Now let’s visit with Mark Mardell. He went to Nashville to see what the kids are up to. His enthusiasm is evident in the headline:

The start of something new?

Out of all the protesters in Nashville, Mardell managed to find a person of color. Unfortunately, he couldn’t even be bothered to find an African American, who are a significant portion of the population there, if only a small minority of protesters. The poor lad had been to New York, and got himself arrested trying to illegally occupy the Brooklyn Bridge. Mardell gives him sympathetic treatment. He spent seven hours in a cell (oh, the humanity), and his law-abiding immigrant parents weren’t pleased that he now has a criminal record. But the BBC’s top man in the US understands.
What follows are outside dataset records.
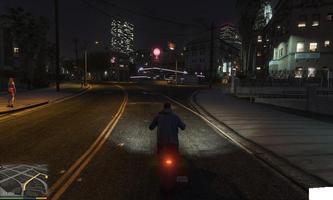 Grand Theft Vegas City скриншот 2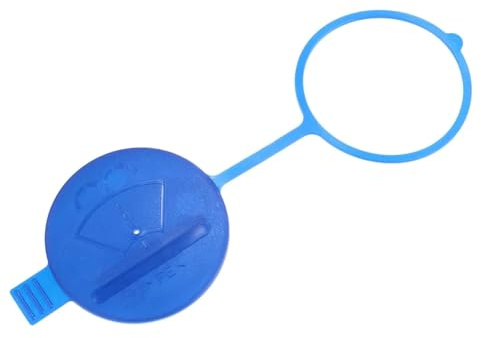 RAVTAKL Bouchons de réservoir Compatible avec Benz pour Vito W638 W639 1996–2014 Bouchon De Réservoir De Liquide Lave-Glace pour Voiture, Bouchon De Vaporisateur D'essuie-Glace A9068690072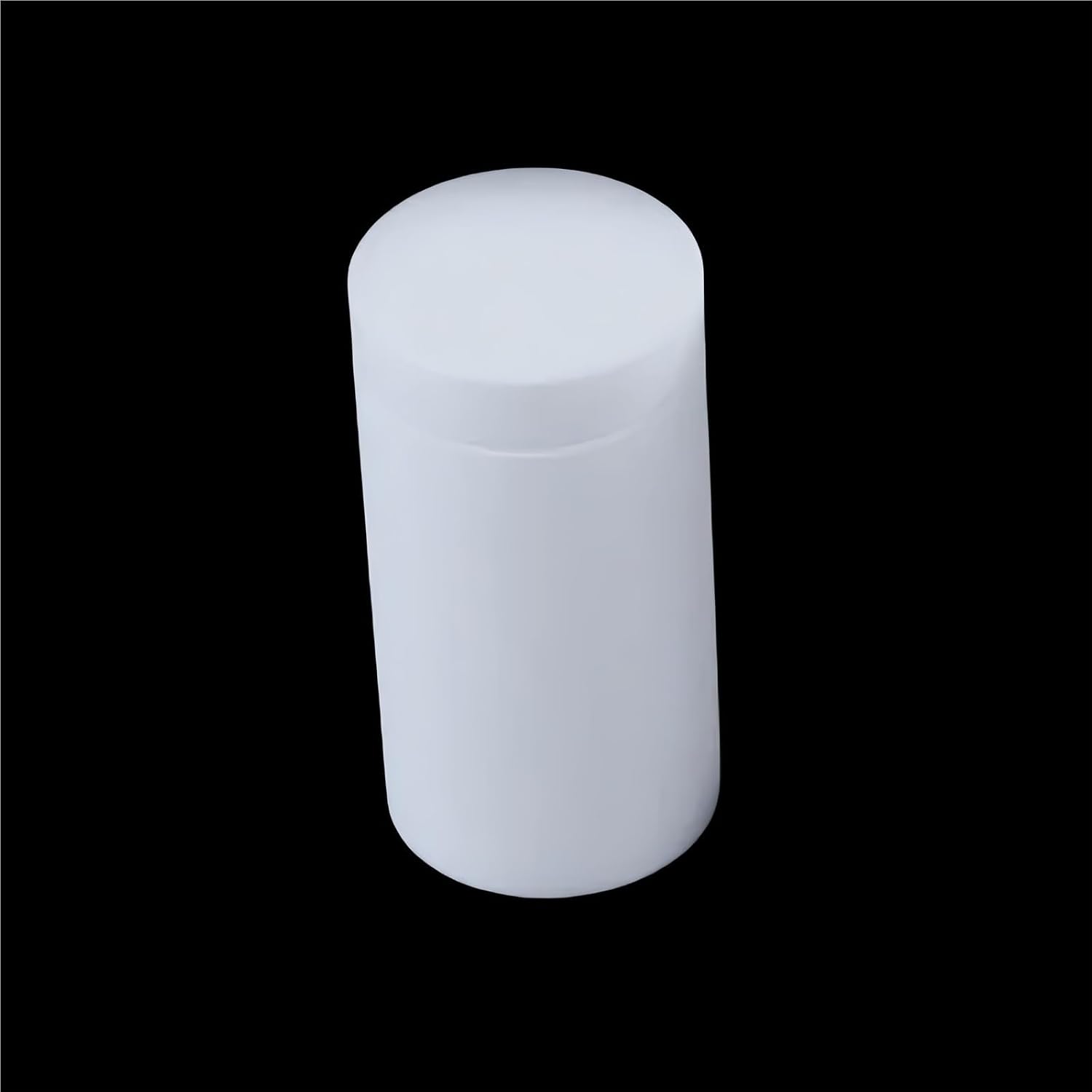 25-500ml Chamber PTFE Liner, Stainless Steel Vessel Kettle 200degree Hydrothermal Synthesis Autoclave Reactor 1pc(500ml)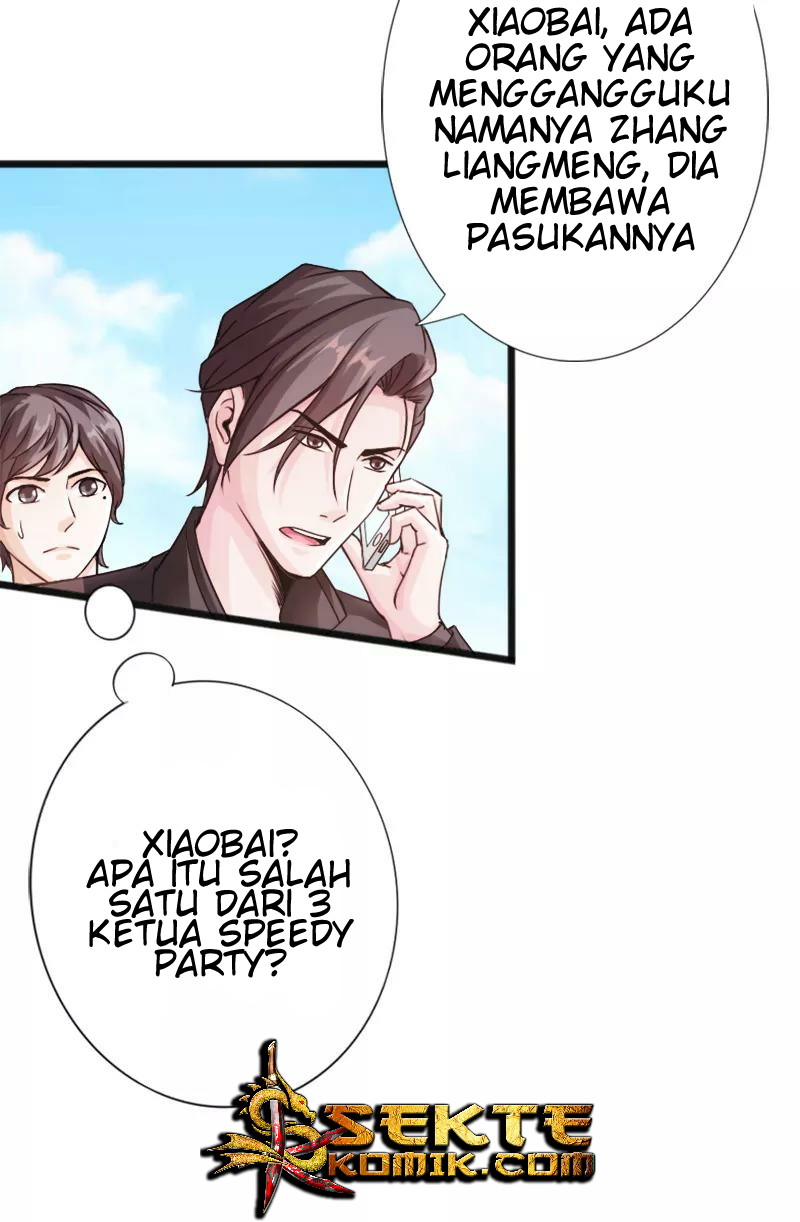 Hopeless Chapter 11 - Halaman 17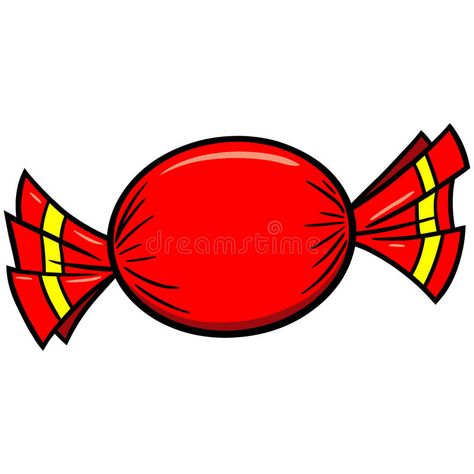 Candy. Cartoon illustration of wrapped Candy #Sponsored , #affiliate, #Ad, #Candy, #illustration, #wrapped, #Cartoon Cartoon Candy Drawing, Candy Vector, Candy Illustration, Candy Cartoon, Ramadan Printables, Candy Background, Candy Drawing, Cartoon Candy, Candy Clipart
On the other hand, Hirak believes his arrest was part of something historic, something important.

A movement that isn’t just about Wall Street, but which he hopes will grow in Tennessee, where he goes to university.

“I am a very small part of it, but this is the opportunity finally for the people to speak out and participate in our democracy,” he says. “We’re finally going to get our voice back in our democracy. We are the 99%.”

Now let’s recall Mardell’s first blog post about the Tea Party movement. He asked if it was down to racism. He pretended to be impartially asking the question, throwing it out there for others to ponder. But we know now that he believes it is secretly driven by racism, and that all the noise about fiscal conservatism and government reform is a smokescreen to hide it.

The rest of his piece is sympathetic to the protesters and their cause. No casting aspersions, no suggesting that they’re mere puppets of Washington think tanks (like he said about the Tea Party to the BBC College of Journalism), and most curiously, no fretting about the anger. No, Mardell is hopeful, not concerned. This is the US protest movement he’s been waiting for, and it shows. You won’t see him mocking any of these protesters the way he did last month to his junior colleagues.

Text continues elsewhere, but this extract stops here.